El cuerpo tiene forma de concha. Pues el largo cuello de la mujer se transforma en un gran óvalo donde, en la parte más baja, la artista cavó un túnel, un útero, proporcionando al cuerpo un aspecto misterioso, un vacío lleno de ideas por descubrir. El cuerpo tiene forma de una vasija que contiene todo el mar adentro. También parece un manto envuelto en sí mismo, en espiral, inclinado del lado contrario a la cabeza. La escultura adquiere así equilibrio. El conjunto es de una simplicidad sincera, pura, en armonía con la naturaleza, porque las líneas redondas y orgánicas fluyen, se conectan entre sí, forman ríos y lagunas de tierra que llegan hasta el abismo de la parte baja.

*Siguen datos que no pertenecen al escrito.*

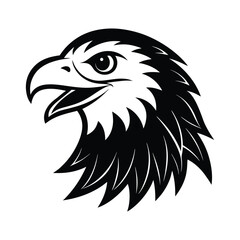 eagle head vector illustration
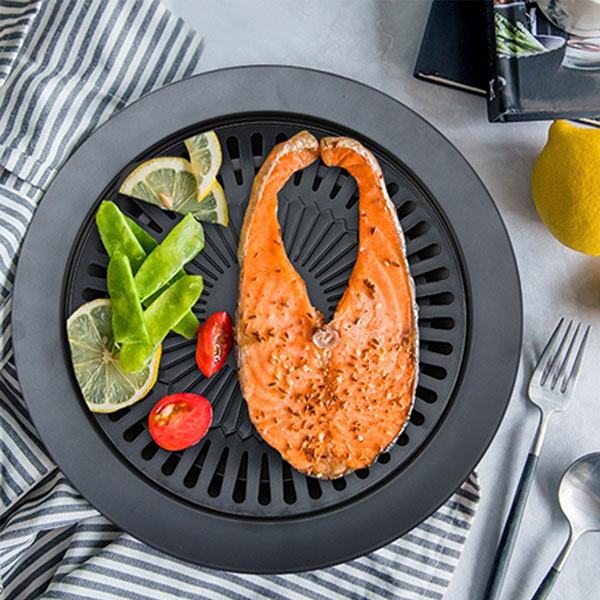 Iron Smokeless Stove top Barbecue Grill Pan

La sombra es lo que completa la unidad de la escultura de cerámica. Las dos primeras partes separadas (cuerpo y cabeza) se juntan en una silueta humana pensativa. Vemos a la mujer de perfil, la cabeza agachada, pensativa, refugiándose es su oscuro vestido que la cubre enteramente. Pero la sombra es precaria, solo existe con la luz, se mueve con la luz, es oscuridad y desaparece con la oscuridad completa. Entonces, la misteriosa mujer se funde con el entorno, se vuelve nosotros, nosotros nos volvemos ella. Y así, logramos penetrar dentro del túnel de la concha, apropiándonos del misterio, sin sacarlo a la luz. El juego de la sombra es la consciencia de la feminidad ecuatoriana. El cuerpo-vasija-concha puede ser símbolo de maternidad y a la vez ser portador de un profundo pasado ancestral al que retornamos en espiral, donde la tierra, la cerámica, detiene un papel fundamental (de la tierra nacimos, a la tierra volvemos). Nostálgica, la mujer hace una introspección de su condición a la lo largo de la historia del Ecuador. Dulce y jovial, tiene todo un futuro por delante para analizarlo y aceptarlo.
Finalmente, me parece que esta obra hace surgir en el espectador, hombre o mujer, un sentimiento de empatía, nos invita a la reflexión, a penetrar en el mundo escondido bajo el manto de la mujer.[La podemos comparar con la obra Mujer en la Barca, de Trude Sojka, donde una mujer, hecha de una concha observa su camino desde un barco (que también es una concha).]